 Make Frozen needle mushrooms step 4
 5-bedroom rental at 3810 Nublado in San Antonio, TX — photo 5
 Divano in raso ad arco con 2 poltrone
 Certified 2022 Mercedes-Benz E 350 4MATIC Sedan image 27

---

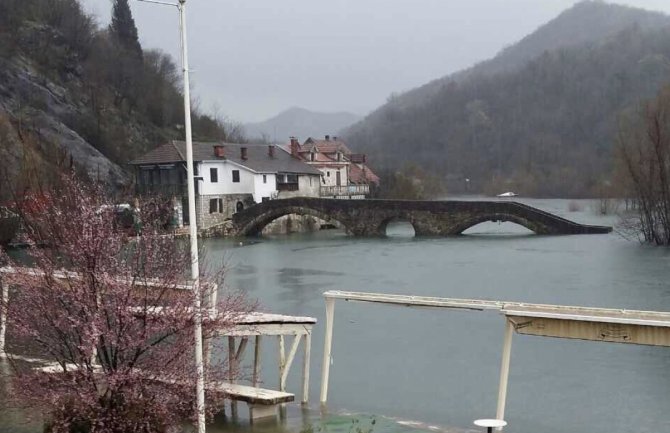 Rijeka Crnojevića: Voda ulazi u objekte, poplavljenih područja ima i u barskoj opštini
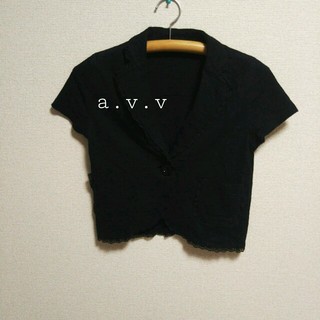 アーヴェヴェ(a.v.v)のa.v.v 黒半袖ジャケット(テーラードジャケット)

Exercise objective: Up in the listing, locate the line with "Rijeka Crnojevića: Voda"; print it and every line after it down to the line with "アーヴェヴェ(a.v.v)の", which is included too. Skip the pictures.

Output of the exercise:
 Rijeka Crnojevića: Voda ulazi u objekte, poplavljenih područja ima i u barskoj opštini
 アーヴェヴェ(a.v.v)のa.v.v 黒半袖ジャケット(テーラードジャケット)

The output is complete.